* **What to do**
Once the pictures are set aside, transcribe the remaining data exactly.

Short text fragments from websites:
*** Block opens ***

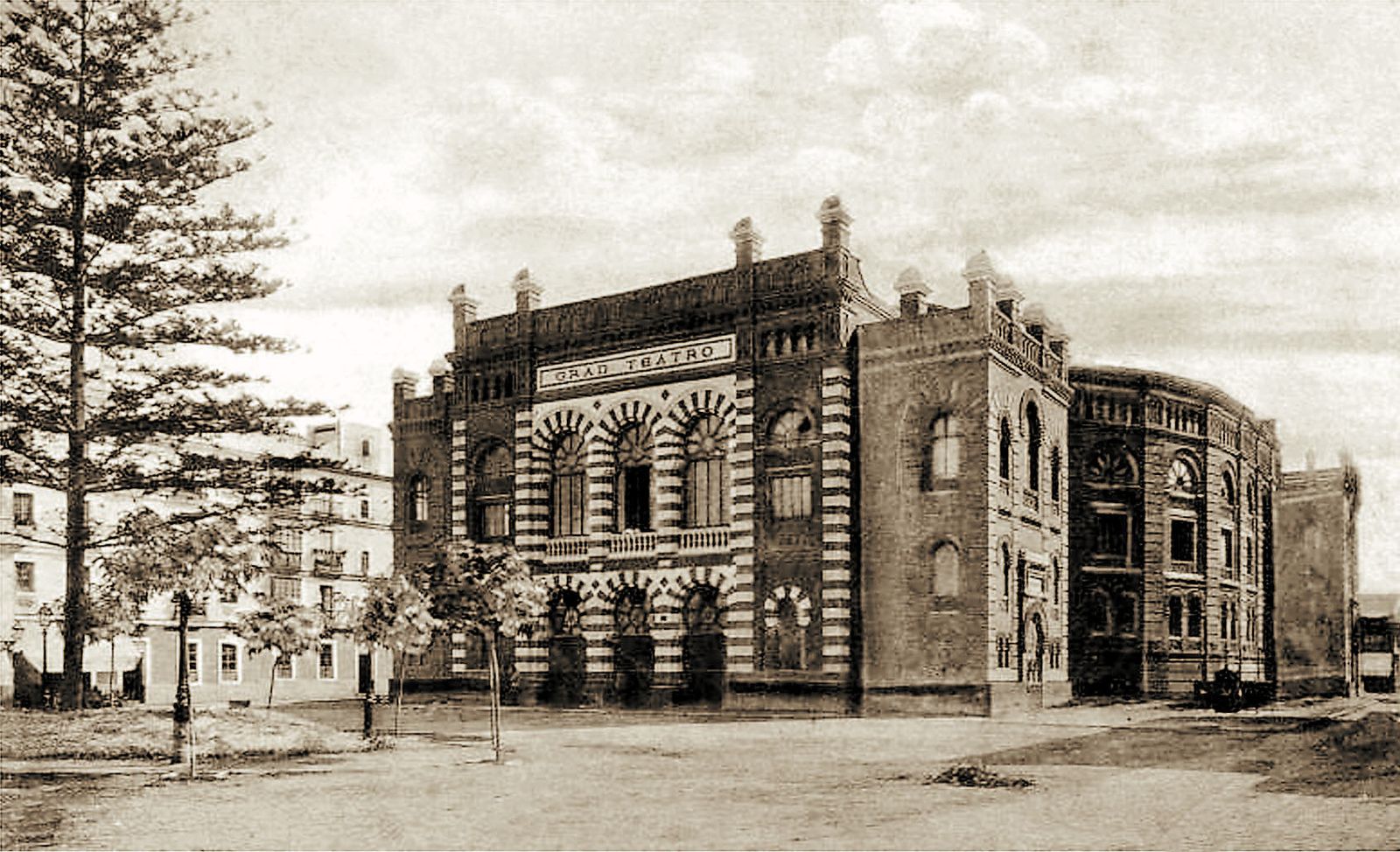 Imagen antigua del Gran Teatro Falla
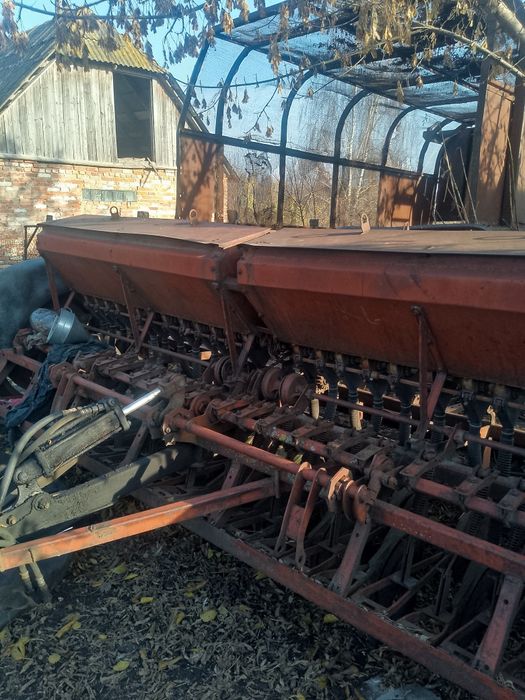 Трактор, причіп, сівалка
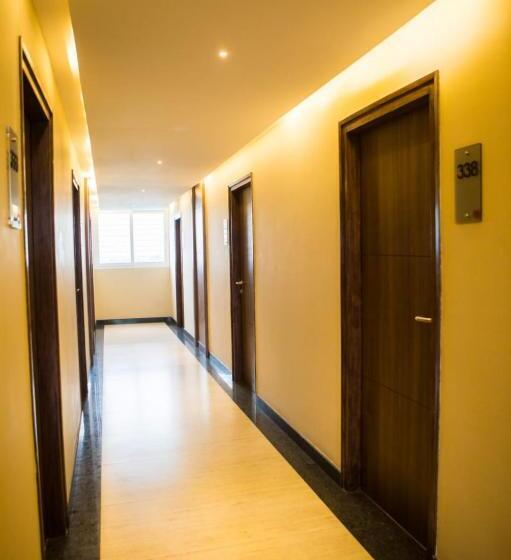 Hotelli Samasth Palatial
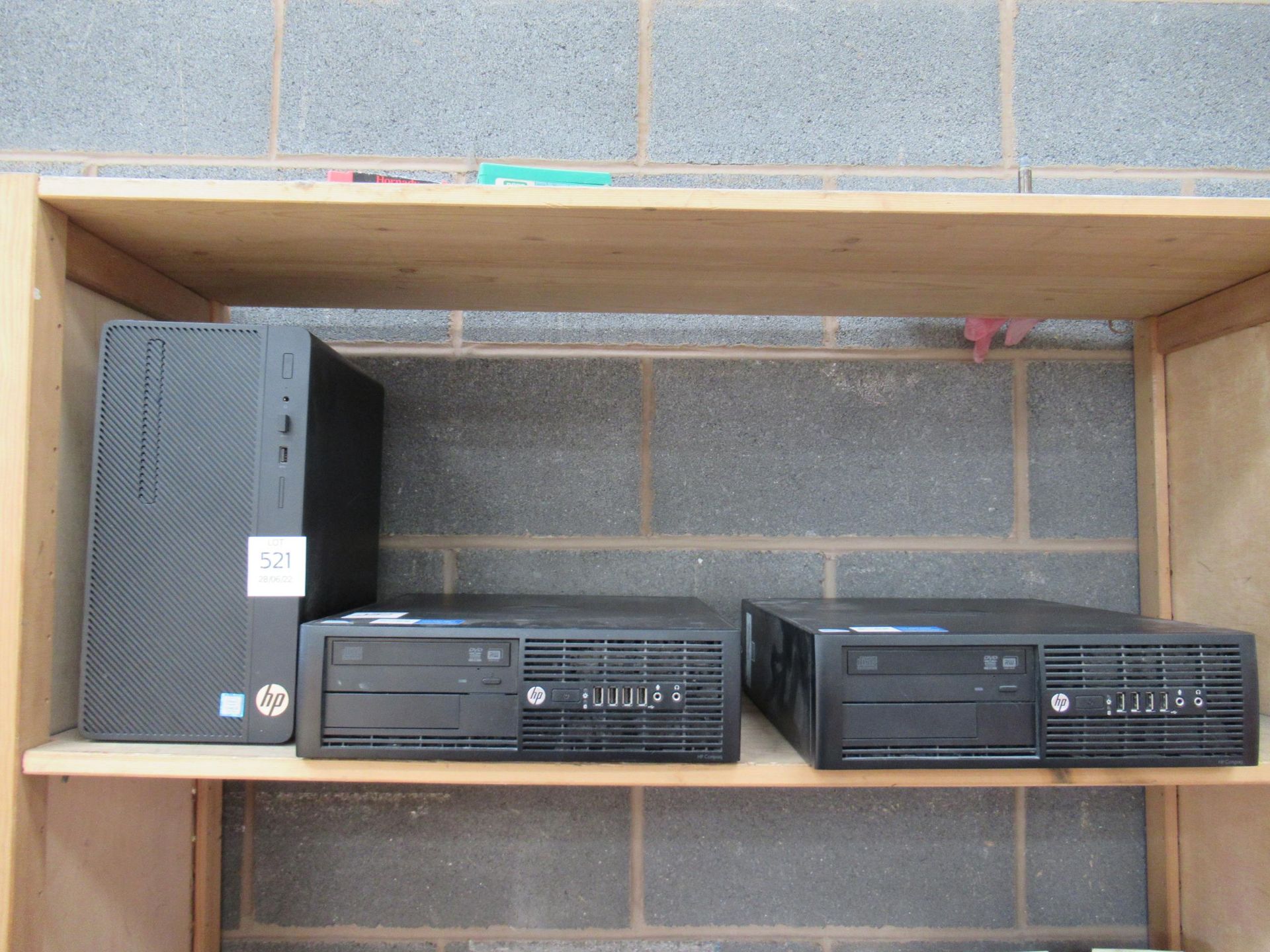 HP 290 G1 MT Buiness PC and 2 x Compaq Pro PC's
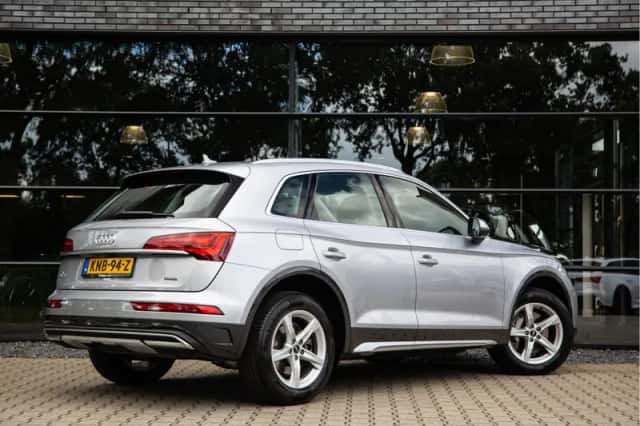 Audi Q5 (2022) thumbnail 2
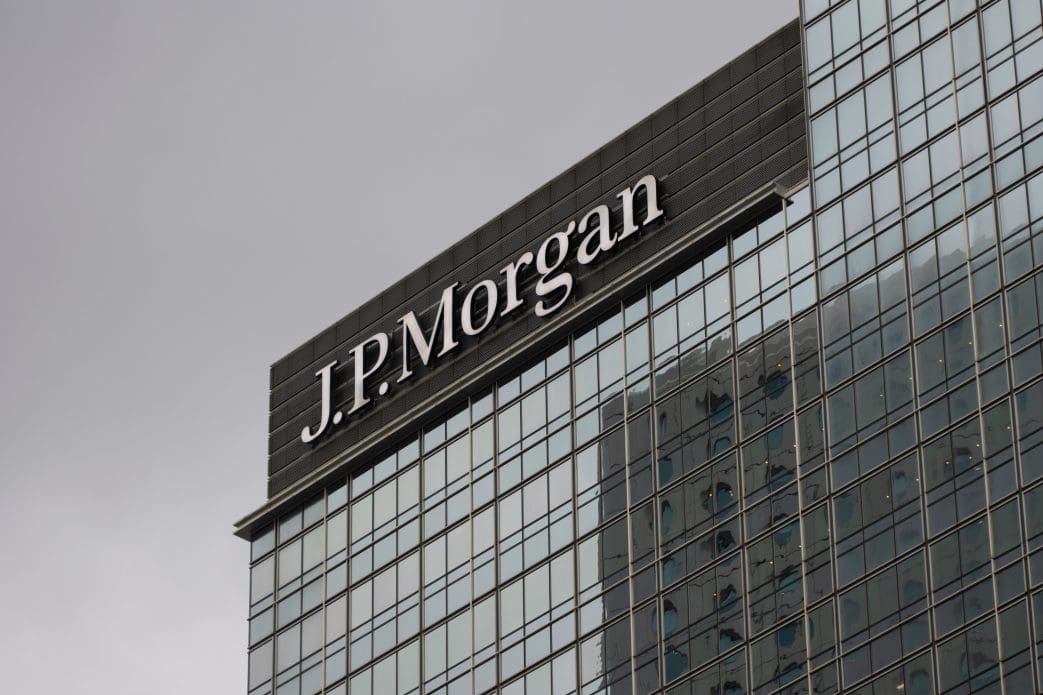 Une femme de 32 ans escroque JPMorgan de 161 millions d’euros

*** Block closes ***

* **Result for this task**
 Imagen antigua del Gran Teatro Falla
 Трактор, причіп, сівалка
 Hotelli Samasth Palatial
 HP 290 G1 MT Buiness PC and 2 x Compaq Pro PC's
 Audi Q5 (2022) thumbnail 2
 Une femme de 32 ans escroque JPMorgan de 161 millions d’euros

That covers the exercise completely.